_Activity_: Write out exactly the lines from the first line of the records below through the line that contains "Чашка с трубочкой, кружки", and stop there.

_Recorded information_:
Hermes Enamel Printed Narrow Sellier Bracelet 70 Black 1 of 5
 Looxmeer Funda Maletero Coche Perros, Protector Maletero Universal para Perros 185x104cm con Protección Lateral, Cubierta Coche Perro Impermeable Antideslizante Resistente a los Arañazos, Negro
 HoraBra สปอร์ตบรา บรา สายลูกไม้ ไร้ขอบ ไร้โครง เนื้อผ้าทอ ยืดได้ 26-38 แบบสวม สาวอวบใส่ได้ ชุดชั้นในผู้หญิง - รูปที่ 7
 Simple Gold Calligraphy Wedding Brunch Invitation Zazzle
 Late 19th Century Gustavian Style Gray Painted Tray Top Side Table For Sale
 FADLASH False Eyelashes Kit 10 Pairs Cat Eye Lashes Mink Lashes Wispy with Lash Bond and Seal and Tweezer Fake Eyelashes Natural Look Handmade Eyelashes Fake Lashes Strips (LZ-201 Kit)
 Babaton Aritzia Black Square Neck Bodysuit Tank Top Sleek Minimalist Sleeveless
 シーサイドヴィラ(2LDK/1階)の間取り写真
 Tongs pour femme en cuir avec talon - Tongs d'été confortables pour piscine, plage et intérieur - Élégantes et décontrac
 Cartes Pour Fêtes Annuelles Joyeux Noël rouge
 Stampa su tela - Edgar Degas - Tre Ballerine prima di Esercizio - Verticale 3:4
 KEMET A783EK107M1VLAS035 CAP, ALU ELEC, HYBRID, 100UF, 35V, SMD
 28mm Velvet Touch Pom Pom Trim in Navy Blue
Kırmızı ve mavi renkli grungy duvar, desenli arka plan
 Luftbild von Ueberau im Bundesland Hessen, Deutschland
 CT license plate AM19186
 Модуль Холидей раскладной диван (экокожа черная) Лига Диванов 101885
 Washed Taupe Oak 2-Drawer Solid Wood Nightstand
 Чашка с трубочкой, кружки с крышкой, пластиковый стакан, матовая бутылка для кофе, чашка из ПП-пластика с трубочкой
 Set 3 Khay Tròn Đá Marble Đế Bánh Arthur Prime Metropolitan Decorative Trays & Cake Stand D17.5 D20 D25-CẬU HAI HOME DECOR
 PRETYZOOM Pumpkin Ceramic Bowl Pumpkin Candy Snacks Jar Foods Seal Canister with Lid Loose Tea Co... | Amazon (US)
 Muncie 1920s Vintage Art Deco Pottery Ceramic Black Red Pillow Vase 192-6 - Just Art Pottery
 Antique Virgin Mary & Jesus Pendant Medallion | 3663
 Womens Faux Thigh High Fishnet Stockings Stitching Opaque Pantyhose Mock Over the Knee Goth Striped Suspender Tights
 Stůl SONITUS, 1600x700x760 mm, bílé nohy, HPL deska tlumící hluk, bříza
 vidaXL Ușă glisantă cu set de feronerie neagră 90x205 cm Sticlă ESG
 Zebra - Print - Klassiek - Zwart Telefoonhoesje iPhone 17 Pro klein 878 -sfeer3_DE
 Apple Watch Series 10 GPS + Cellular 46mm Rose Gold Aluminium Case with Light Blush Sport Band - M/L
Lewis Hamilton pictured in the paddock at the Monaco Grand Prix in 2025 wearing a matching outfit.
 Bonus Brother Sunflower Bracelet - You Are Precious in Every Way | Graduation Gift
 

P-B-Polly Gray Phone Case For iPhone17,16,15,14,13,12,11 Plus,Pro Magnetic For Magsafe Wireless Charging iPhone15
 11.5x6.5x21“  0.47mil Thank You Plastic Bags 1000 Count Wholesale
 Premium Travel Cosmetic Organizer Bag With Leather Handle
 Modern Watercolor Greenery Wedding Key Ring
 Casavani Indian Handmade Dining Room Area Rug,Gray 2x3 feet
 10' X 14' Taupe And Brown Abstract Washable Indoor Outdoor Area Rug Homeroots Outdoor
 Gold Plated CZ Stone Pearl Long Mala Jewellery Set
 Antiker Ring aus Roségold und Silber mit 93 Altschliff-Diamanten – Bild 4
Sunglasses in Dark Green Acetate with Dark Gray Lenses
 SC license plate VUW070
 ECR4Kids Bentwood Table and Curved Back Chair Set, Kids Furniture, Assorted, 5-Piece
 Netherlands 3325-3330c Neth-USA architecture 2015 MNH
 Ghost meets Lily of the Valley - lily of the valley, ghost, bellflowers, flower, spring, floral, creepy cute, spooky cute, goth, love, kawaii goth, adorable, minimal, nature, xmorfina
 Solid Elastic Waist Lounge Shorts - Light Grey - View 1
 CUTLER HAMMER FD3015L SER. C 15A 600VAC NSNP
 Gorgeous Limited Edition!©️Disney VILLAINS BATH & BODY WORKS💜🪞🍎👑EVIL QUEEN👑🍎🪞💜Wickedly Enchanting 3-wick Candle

_Answer section_:
Hermes Enamel Printed Narrow Sellier Bracelet 70 Black 1 of 5
 Looxmeer Funda Maletero Coche Perros, Protector Maletero Universal para Perros 185x104cm con Protección Lateral, Cubierta Coche Perro Impermeable Antideslizante Resistente a los Arañazos, Negro
 HoraBra สปอร์ตบรา บรา สายลูกไม้ ไร้ขอบ ไร้โครง เนื้อผ้าทอ ยืดได้ 26-38 แบบสวม สาวอวบใส่ได้ ชุดชั้นในผู้หญิง - รูปที่ 7
 Simple Gold Calligraphy Wedding Brunch Invitation Zazzle
 Late 19th Century Gustavian Style Gray Painted Tray Top Side Table For Sale
 FADLASH False Eyelashes Kit 10 Pairs Cat Eye Lashes Mink Lashes Wispy with Lash Bond and Seal and Tweezer Fake Eyelashes Natural Look Handmade Eyelashes Fake Lashes Strips (LZ-201 Kit)
 Babaton Aritzia Black Square Neck Bodysuit Tank Top Sleek Minimalist Sleeveless
 シーサイドヴィラ(2LDK/1階)の間取り写真
 Tongs pour femme en cuir avec talon - Tongs d'été confortables pour piscine, plage et intérieur - Élégantes et décontrac
 Cartes Pour Fêtes Annuelles Joyeux Noël rouge
 Stampa su tela - Edgar Degas - Tre Ballerine prima di Esercizio - Verticale 3:4
 KEMET A783EK107M1VLAS035 CAP, ALU ELEC, HYBRID, 100UF, 35V, SMD
 28mm Velvet Touch Pom Pom Trim in Navy Blue
Kırmızı ve mavi renkli grungy duvar, desenli arka plan
 Luftbild von Ueberau im Bundesland Hessen, Deutschland
 CT license plate AM19186
 Модуль Холидей раскладной диван (экокожа черная) Лига Диванов 101885
 Washed Taupe Oak 2-Drawer Solid Wood Nightstand
 Чашка с трубочкой, кружки с крышкой, пластиковый стакан, матовая бутылка для кофе, чашка из ПП-пластика с трубочкой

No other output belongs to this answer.